8 January 2018 | Address of His Holiness


Regia Hall

[…] It is likewise important that the many refugees who have found shelter and
refuge in neighbouring countries, especially in Jordan, Lebanon and Turkey, be able
to return home. The commitment and efforts made by these countries in this difficult
situation deserve the appreciation and support of the entire international community,
which is also called upon to create the conditions for the repatriation of Syrian
refugees. This effort must concretely start with Lebanon, so that that beloved country
can continue to be a “message” of respect and coexistence, and a model to imitate,
for the whole region and for the entire world. […]
At the same time, we cannot forget the situation of families torn apart by poverty,
war and migration.

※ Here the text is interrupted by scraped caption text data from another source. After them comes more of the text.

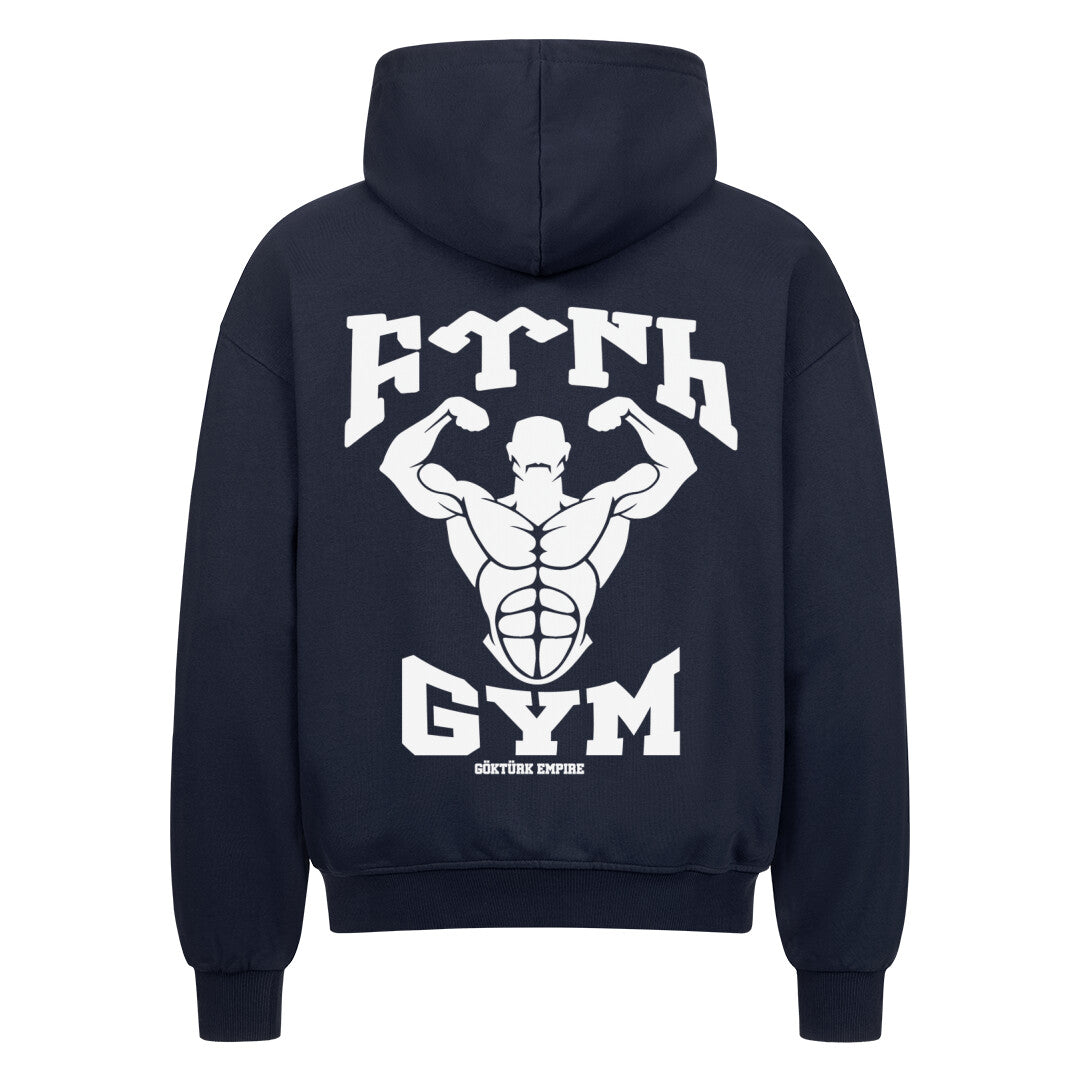 GÖKTÜRK GYM - ZIP HOODIE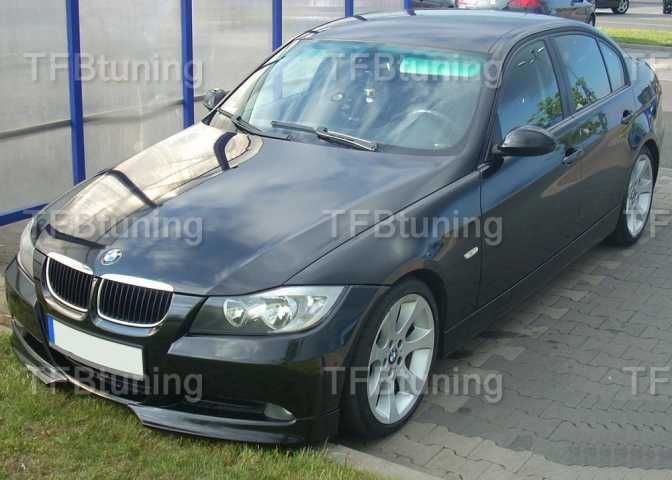 Dokładki flaps splittery BMW E90 E91 2005- 2008 TFB TUNING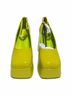 Cape Robbin Green Wedges Size 6 1/2 - photo 3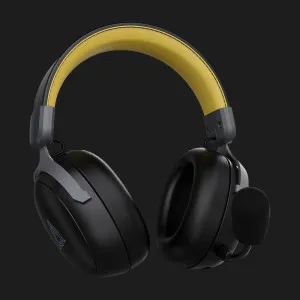 Гарнитура Ajazz AHM08 MAX (Black/Gray/Yellow) (UA) в Бродах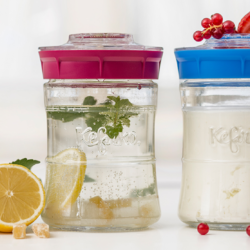 Milk and Water Kefir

All too often, we see with our own eyes the tragedy of children
who, unaccompanied, cross the borders between the south and the north of our
world, and often fall victim to human trafficking.

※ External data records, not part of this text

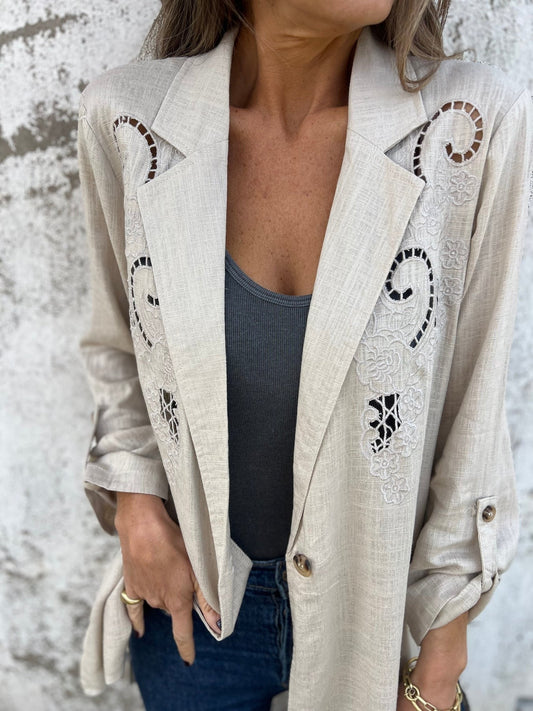 LUMA - CAMISA CON BORDADOS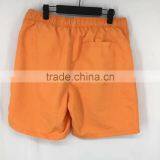 Men Stocklots Cheap Orange Beach Shorts thumbnail-4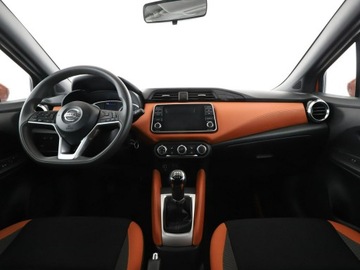 Nissan Micra V 1.0 73KM 2018 Nissan Micra Klimatyzacja Czujniki parkowania, zdjęcie 14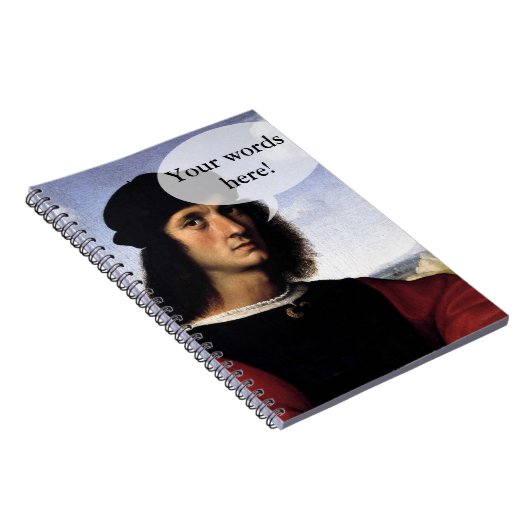 Sie sagen es Notebook Notizblock (Rechte Seite)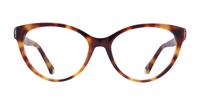 Havana Aspire Greta Cat-eye Glasses - Front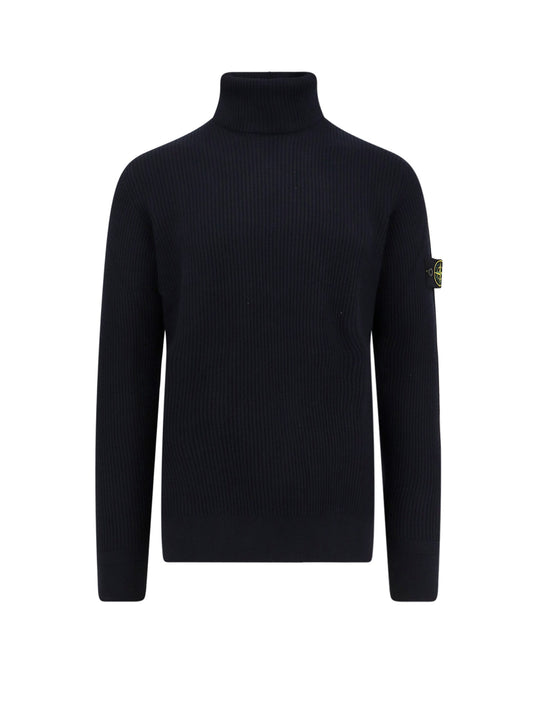 Turtleneck Certified Virgin Wool Sweater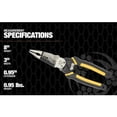 thumbnail image 6 of Southwire S7N1HD, 7 IN 1 MULTI TOOL PLIER HD (TRI), 6 of 9
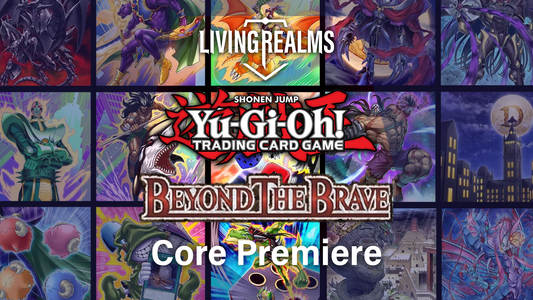 Yu-Gi-Oh! | Beyond The Brave Core Premiere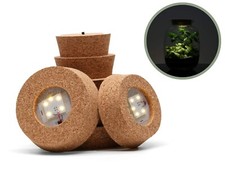 LED Cork Stopper Lid Large Size Corks Various sizes Cork Lid with Light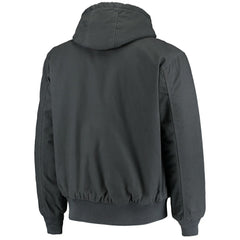 Chicago Bears Dunbrooke Dakota Cotton Canvas Hooded Jacket Navy | NFL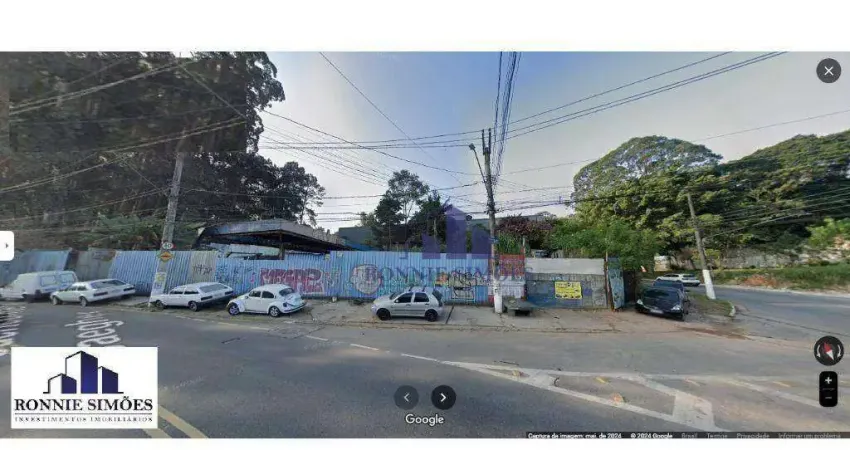 Terreno comercial à venda na Rua José Solana, 2720, Rio Bonito, São Paulo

Today there is much talk about migrants and migration, at times only for the sake of
stirring up primal fears. It must not be forgotten that migration has always existed.
In the Judeo-Christian tradition, the history of salvation is essentially a history of
migration. Nor should we forget that freedom of movement, for example, the ability
to leave one’s own country and to return there, is a fundamental human
right.[17]There is a need, then, to abandon the familiar rhetoric and start from the
essential consideration that we are dealing, above all, with persons.

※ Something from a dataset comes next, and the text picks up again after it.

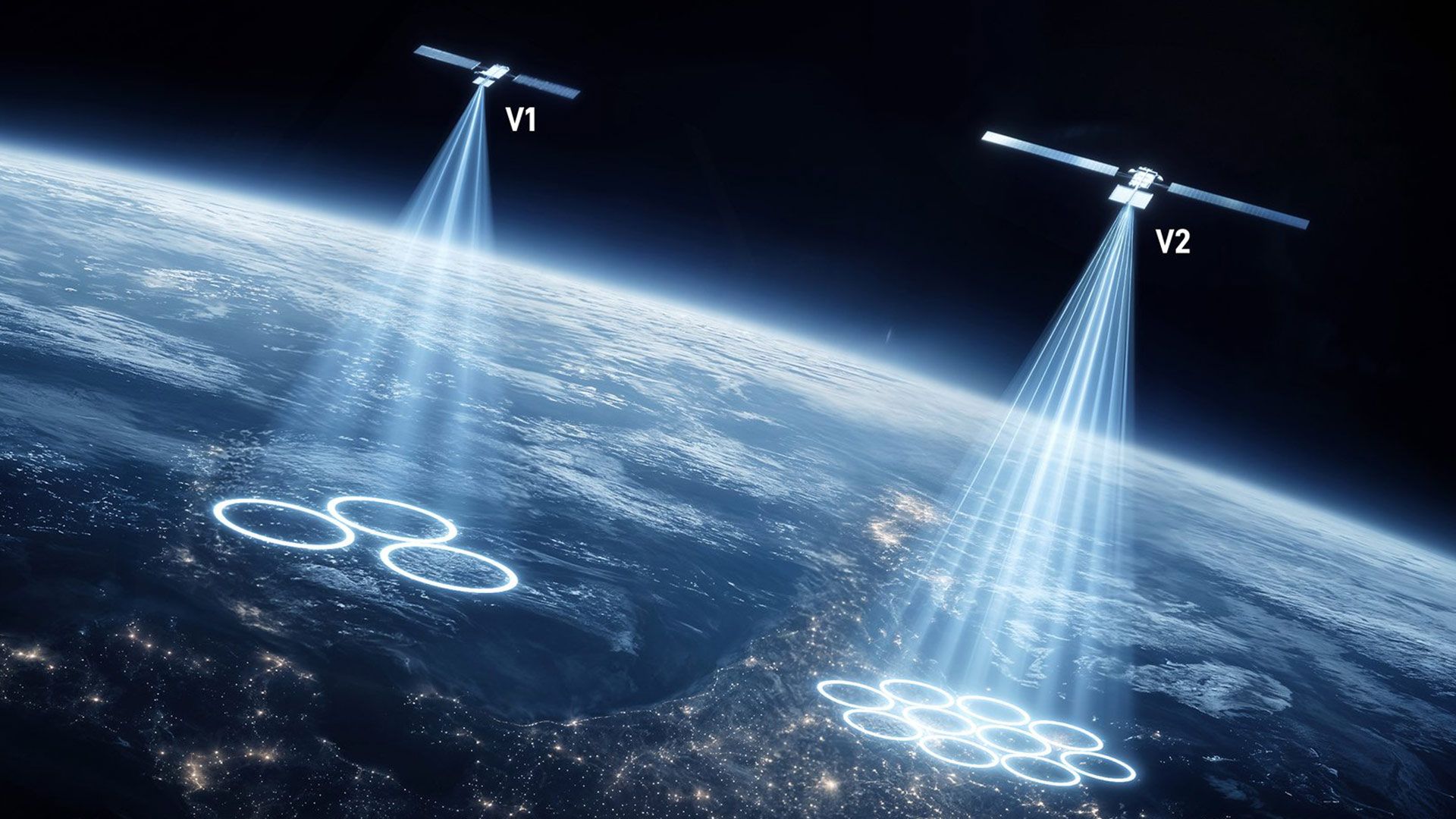 Starlink Mobile 5G: 5G Speeds from Space with V2 Satellites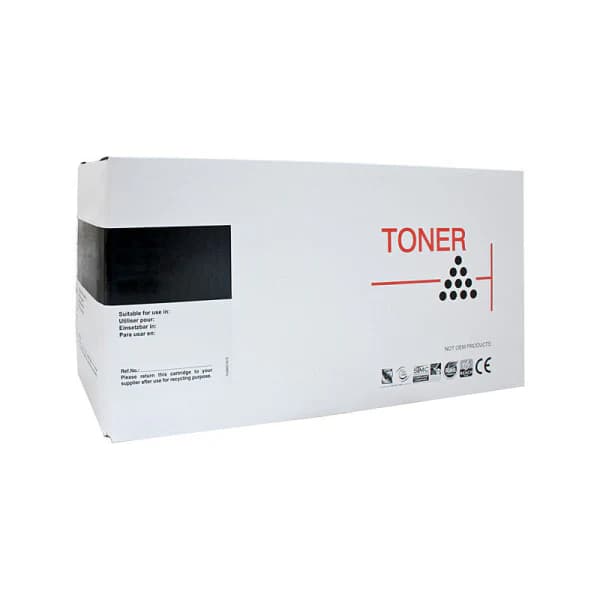 White Box Compat WBK5284 Black Cart WBK5284K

This is what I sought to reiterate in my Message for the World Day of Peace celebrated
on 1 January last, whose theme this year is: “Migrants and Refugees: Men and
Women in Search of Peace”. While acknowledging that not everyone is always guided
by the best of intentions, we must not forget that the majority of migrants would
prefer to remain in their homeland. Instead, they find themselves “forced by
discrimination, persecution, poverty and environmental degradation” to leave it
behind… “Welcoming others requires concrete commitment, a network of assistance
and good will, vigilant and sympathetic attention, the responsible management of
new and complex situations that at times compound numerous existing problems, to
say nothing of resources, which are always limited. By practising the virtue of
prudence, government leaders should take practical measures to welcome, promote,
protect, integrate and, ‘within the limits allowed by a correct understanding of the
common good, to permit [them] to become part of a new society’ (Pacem in Terris,
57). Leaders have a clear responsibility towards their own communities, whose
legitimate rights and harmonious development they must ensure, lest they become
like the rash builder who miscalculated and failed to complete the tower he had begun
to construct” (cf. Lk 14:28-30).[18]

I would like once more to thank the authorities of those states who have spared no
effort in recent years to assist the many migrants arriving at their borders. I think
above all of the efforts made by more than a few countries in Asia, Africa and the
Americas that welcome and assist numerous persons. I cherish vivid memories of
my meeting in Dhaka with some members of the Rohingya people, and I renew my
sentiments of gratitude to the Bangladeshi authorities for the assistance provided to
them on their own territory.
I would also like to express particular gratitude to Italy, which in these years has
shown an open and generous heart and offered positive examples of integration. It
is my hope that the difficulties that the country has experienced in these years, and
whose effects are still felt, will not lead to forms of refusal and obstruction, but
instead to a rediscovery of those roots and traditions that have nourished the rich
history of the nation and constitute a priceless treasure offered to the whole world.
I likewise express my appreciation for the efforts made by other European states,
particularly Greece and Germany. Nor must it be forgotten that many refugees and
migrants seek to reach Europe because they know that there they will find peace and
security, which for that matter are the fruit of a lengthy process born of the ideals of
the Founding Fathers of the European project in the aftermath of the Second World
War. Europe should be proud of this legacy, grounded on certain principles and a
vision of man rooted in its millenary history, inspired by the Christian conception of
the human person. The arrival of migrants should spur Europe to recover its cultural
and religious heritage, so that, with a renewed consciousness of the values on which
the continent was built, it can keep alive her own tradition while continuing to be a
place of welcome, a herald of peace and of development.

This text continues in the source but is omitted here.